Musiuk Sisa Hartaku — the words read. At first I thought it was the name of a family, who was hurt during the eruption of Merapi Lava. Upon enquiry, I learnt that ‘Musiuk’ stood for Museum and Sisa Hartaku meant ‘What’s Leftover’.

So the two houses before me, in Pentung village, on the outskirts of Jogjakarta, contained memories and objects of families that were affected during the volcanic eruption.
“Look down at your feet... that’s volcanic ash,” our Indonesian friend from tourism ministry, William Kalua Putra, pointed out. And, then everywhere else, we found objects covered in ash — from mopeds, TV sets, to clothes, farming implements and even cattlestock.

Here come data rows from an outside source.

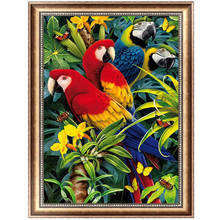 Parrots Flower 5D Diamond Embroidery Painting Cross Stitch DIY Craft Home Decor 40*30cm-Y102 2024 - buy cheap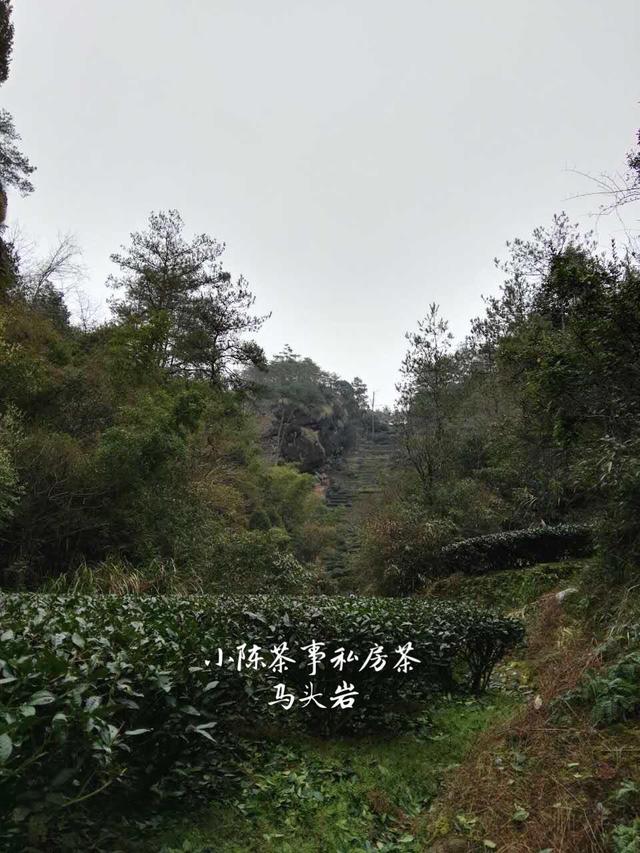 佛国岩是武夷岩茶三坑两涧的核心产区？牛栏坑表示不服！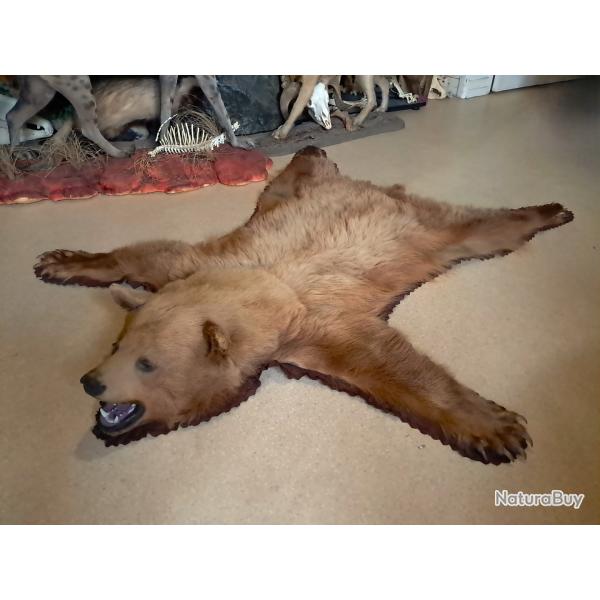 Peau d' Ours noir ; Ursus americanus #C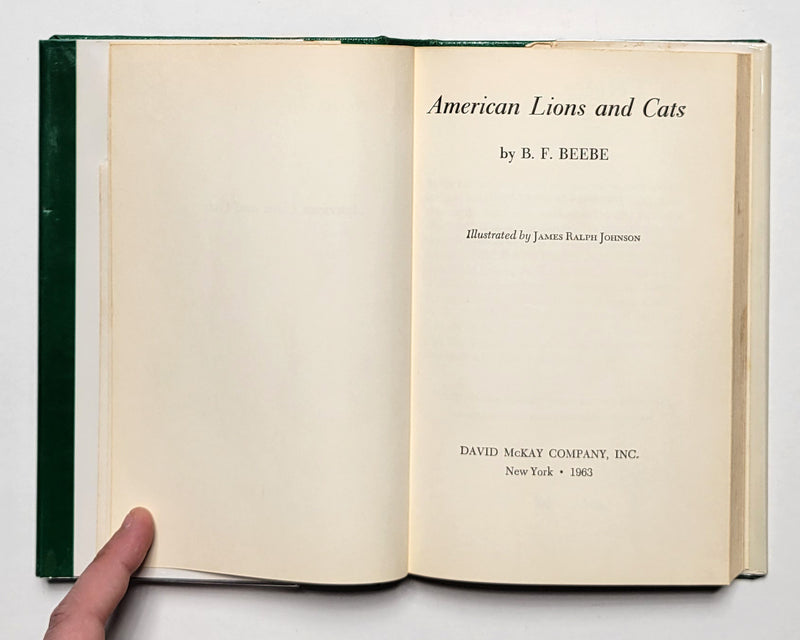 American Lions and Cats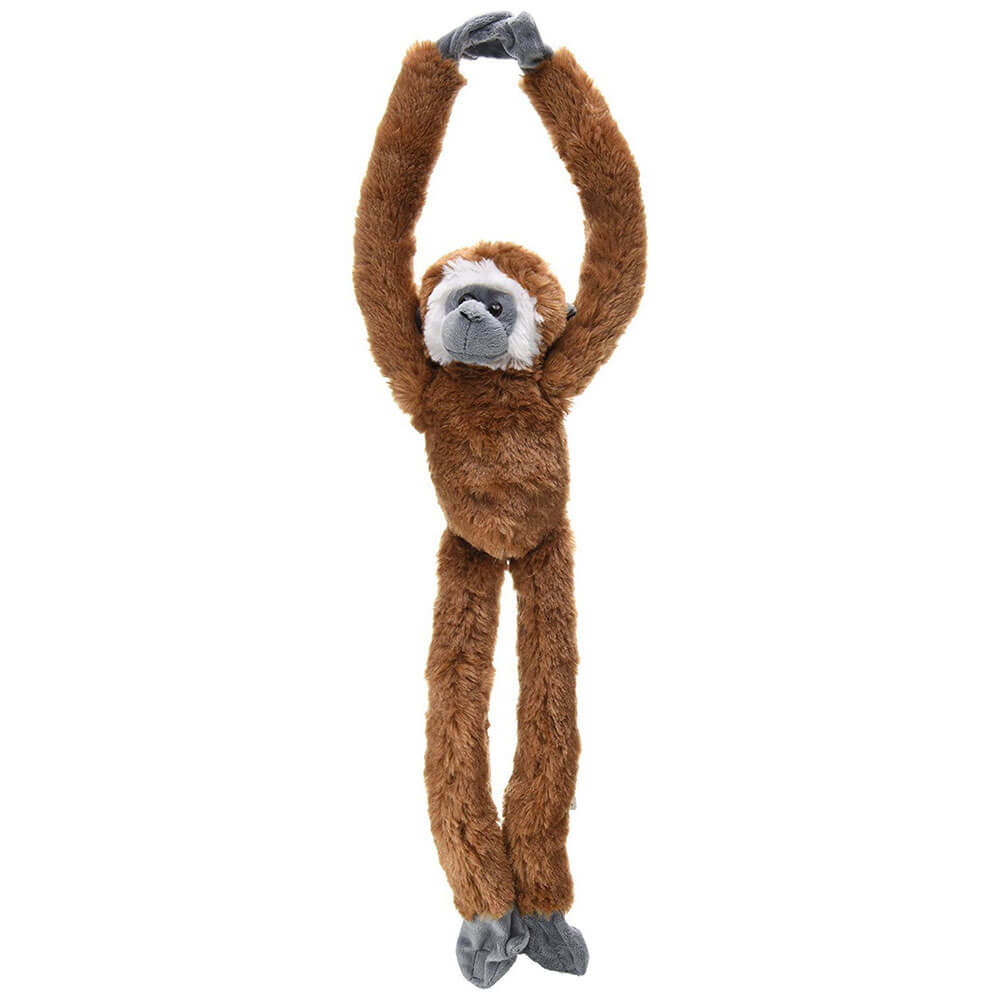 Macaco da República Selvagem pendurando brinquedo macio de pelúcia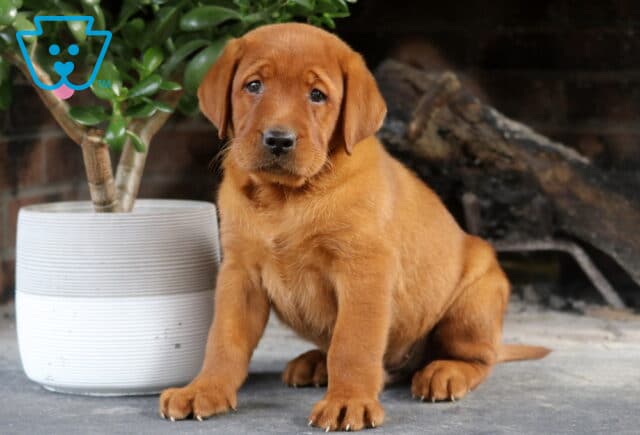 Sid Fox Red Lab2 image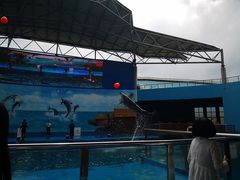 -石林冰雪海洋世界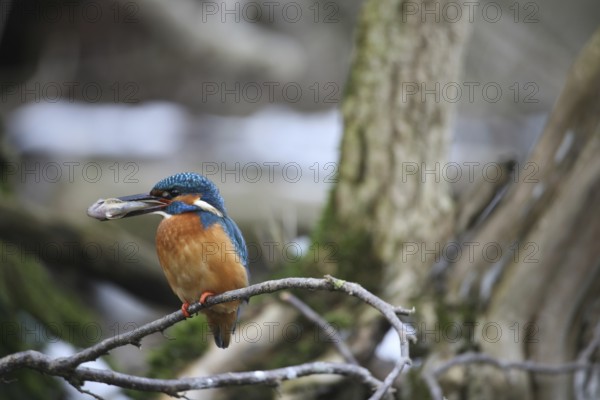 Kingfisher (Alcedo atthis) male in the snow, with a preyed-up common bald ibis (Cottus gobio) Allgäu, Bavaria, Germany, Allgäu, Bavaria, Germany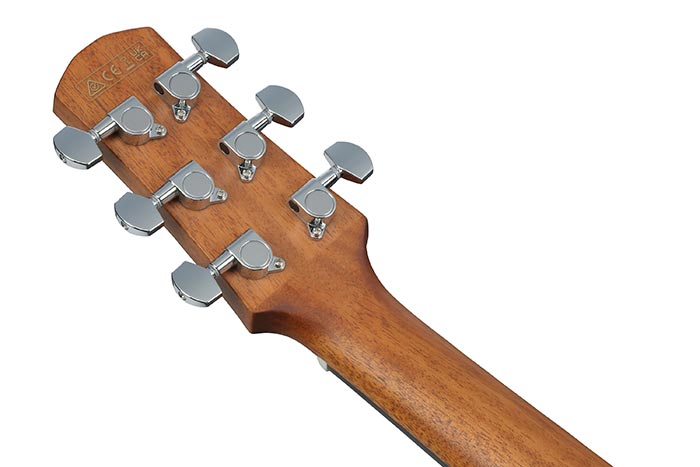 Back of the AAM100E-NT's headstock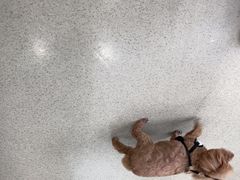 -宠颐生宠物医院·心肾内科·猫专科诊疗中心宠巢店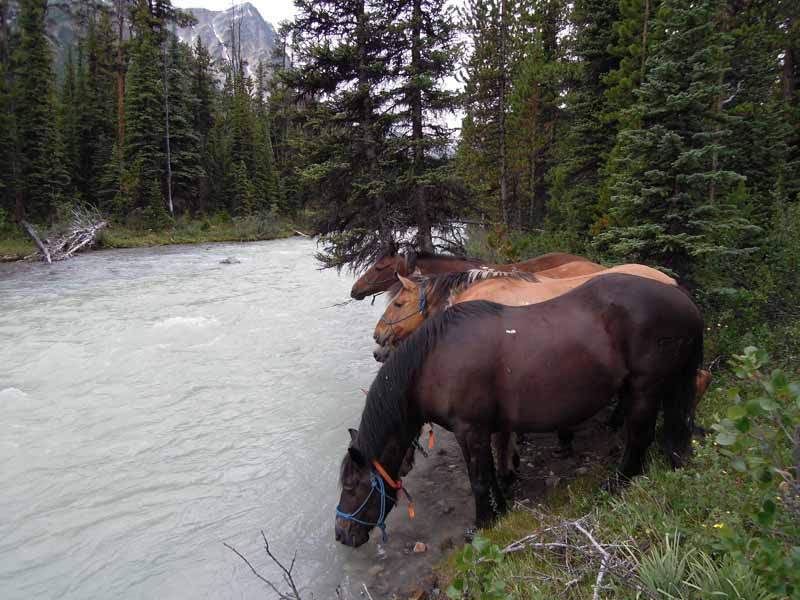 Traversing Canadian Rockies, Tania Millen, holidays on horseback, Alberta pack-trip, Azure Lake, Sulphur River, Jasper National Park, Summit pass, crossing Chown Creek Traversing Canadian Rockies, Tania Millen, holidays on horseback, Alberta pack-trip, Azure Lake, Sulphur River, Jasper National Park, Summit pass, crossing Chown Creek
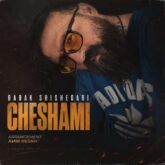 babak shishegari cheshami 2026 08 13 16 35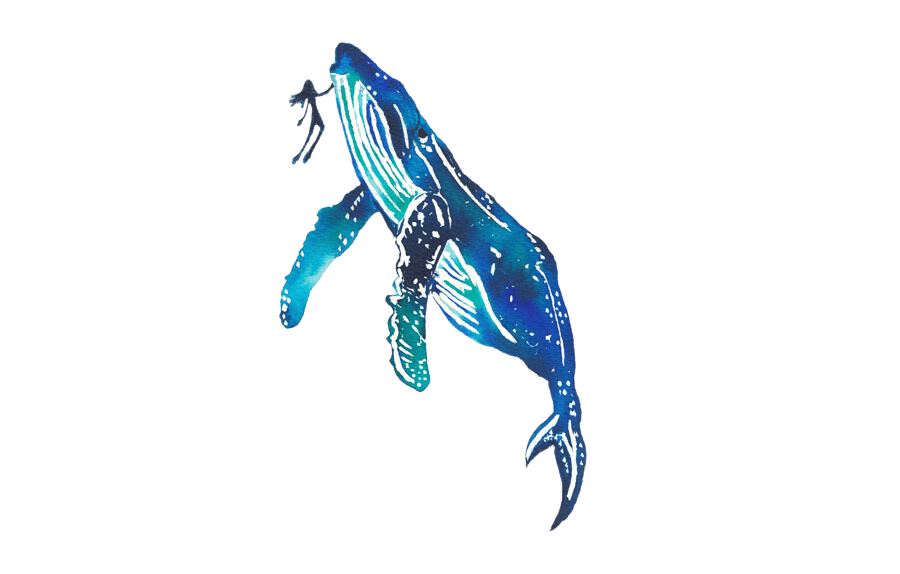 orca-con-buceador-acuarela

Inside on the bare walls, there were photographed images of people being rescued, covered in injuries, of the volcano erupting and a clock still showing the time — 12.05 midnight on November 5, 2010.

A goosebump-inducing sight, Pentung village is truly a showcase of ‘what’s leftover’. Weren’t the people warned? We asked the local guide. “They were, but many of the villagers refused to evacuate from the village. That’s because they live in harmony with nature,” he told us.

A little ahead, we saw a stone memorial, which had a poem written on it. We later found out it was in Javanese. The poem recorded the feelings of the lava and how sorry it was to take away people and their belongings in its fold. “But that’s nature,” it concluded.

After this visit, we were taken down a bumpy road to the volcano sight. Some clouds obscured our view of the two peaks. Now a tourist hotspot, many youngsters were seen taking selfie shots and doing what the Indonesians call ‘the freestyle motion’.

A folklore associated with Merapi says, “When the gods were travelling from India to Indonesia, some of their stuff fell down here — where the mountain peak is —and that’s how the volcano was formed!”

Our next stop was the bunker, formed after the recent volcanic eruption. Now villagers can take shelter inside the bunker in case of natural calamity. However, that too has its own tragic story to narrate. “Two men died because of suffocation when they took shelter here,” we learnt from Kalua.